In general, at least 5 cm or greater in tubal length is needed for the best chance at success after tubal reversal. There are a variety of ways that the original ligation could be done. Reversal has an even better chance of success if the tubal ligation was performed with clips or rings. The surgery is less successful if the tubes were cut (burned) using an electrocautery instrument or if other pelvic disease such as scaring or endometriosis is present.

Tubal reversal works best for women in good health, in their late thirties or younger, who have a fertile partner. The results are best from this surgery if it has been 10 years or less since the original tubal surgery, and only small sections of the tubes have been damaged by the previous surgery.
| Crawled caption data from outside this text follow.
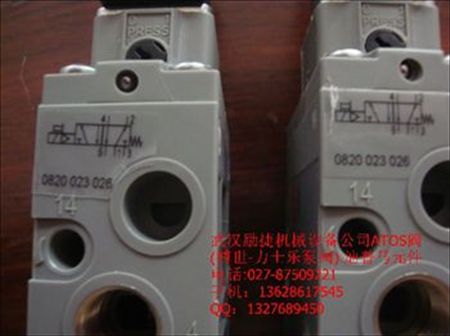 比列閥0811405147價(jià)格最優(yōu)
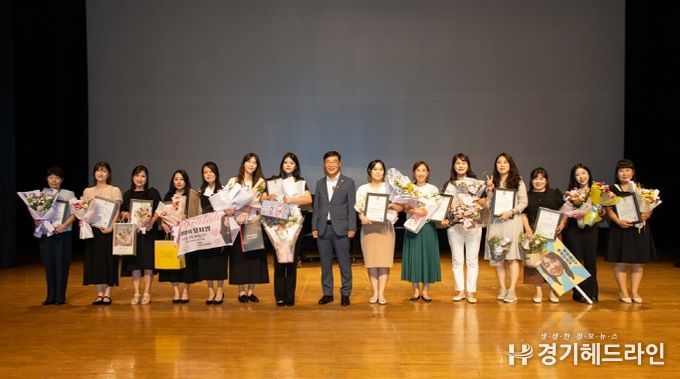 김병전 의장, 보육교직원의 밤 행사 참석…보육교직원 격려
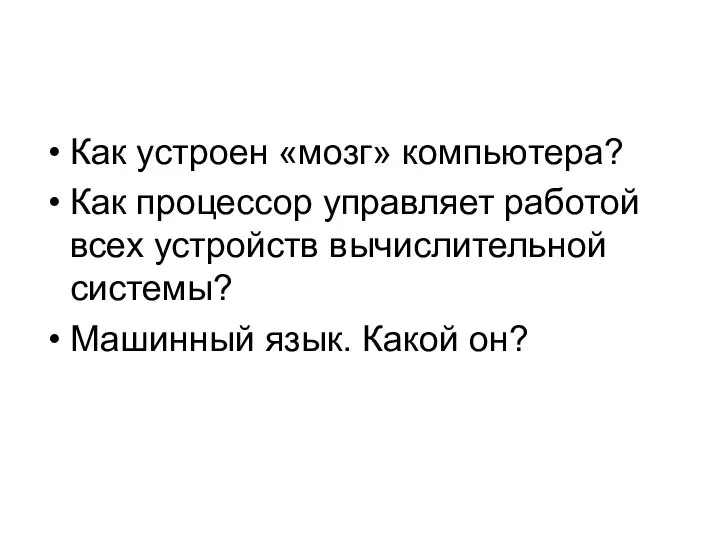 Как устроен «мозг» компьютера? Как процессор управляет работой всех устройств вычислительной системы? Машинный язык. Какой он?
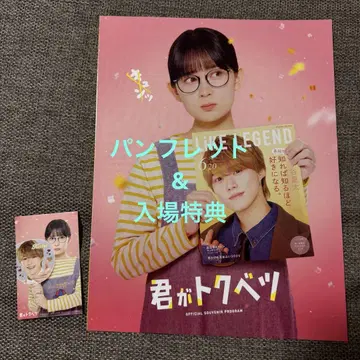 영화 '너는 특별하다' 팜플렛 입장 혜택 트레이딩 카드 오하시 카즈야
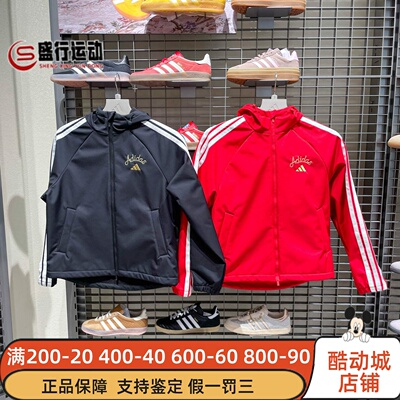 Adidas阿迪达斯女子新年款拒水加绒宽松连帽软壳外套KU8972KU8973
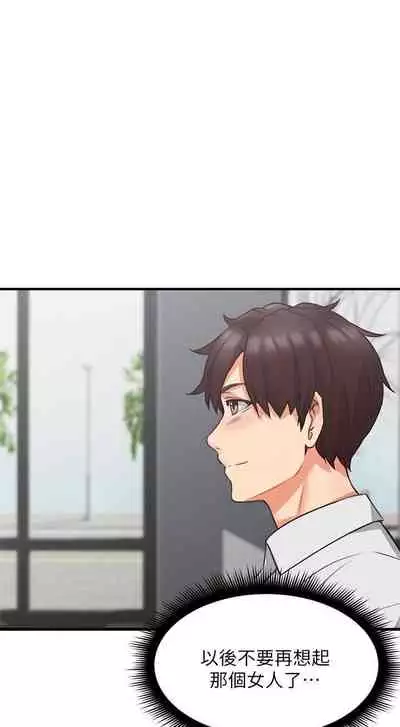 【周六更新】邻居人妻(作者:李周元 & 頸枕) 第1~49话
Surgery to Reverse Tubal Ligation

Reversal of tubal ligation is performed by laparotomy (major surgery) using magnification and microsurgical techniques and should only be performed by surgeon with extensive experience in this procedure. The actual tubal ligation reversal is a lengthy and exacting procedure requiring a microscope and very fine suture material. Dye is injected to confirm that the fallopian tube passageway is open. Patients are generally discharged from the hospital the next day, but full recovery and return to work will take several weeks.

Risks of Reversed Tubal Ligation

The main risks associated with tubal ligation reversal are a blockage rate of approximately 5% and an ectopic pregnancy rate of 8% to 12%. When a positive pregnancy test is detected following tubal ligation reversal, an early ultrasound and blood work should be done to identify a possible ectopic pregnancy.

The other risk relates to the woman’s age. The older the woman, the higher the risk of birth defects. The most common is Down syndrome. At age 20, that risk is 1 in 1,667; at age 45, the risk is 1 in 30. At age 52, it is about 1 in 8. For women over 45, the risk of miscarriage also is well over 50 percent.

Other Options to Reversal of Tubal Ligation

Besides reversing tubal ligation, you can choose other options such as assisted reproduction, for example in vitro fertilization or adoption. The choice between a tubal reversal, or in vitro fertilization, depends on the woman’s age, method of tubal ligation, finances, and the patients desires. Information about the type of tubal ligation done will be needed before a decision can be made. Many health insurance companies do not cover reversal of tubal ligation so check with your health insurance company.

Disclaimer: No information or materials posted here are intended to constitute medical advice, nor can we guarantee the accuracy of posted information, especially as to each individual situation. For medical advice, please contact your doctor or hospital.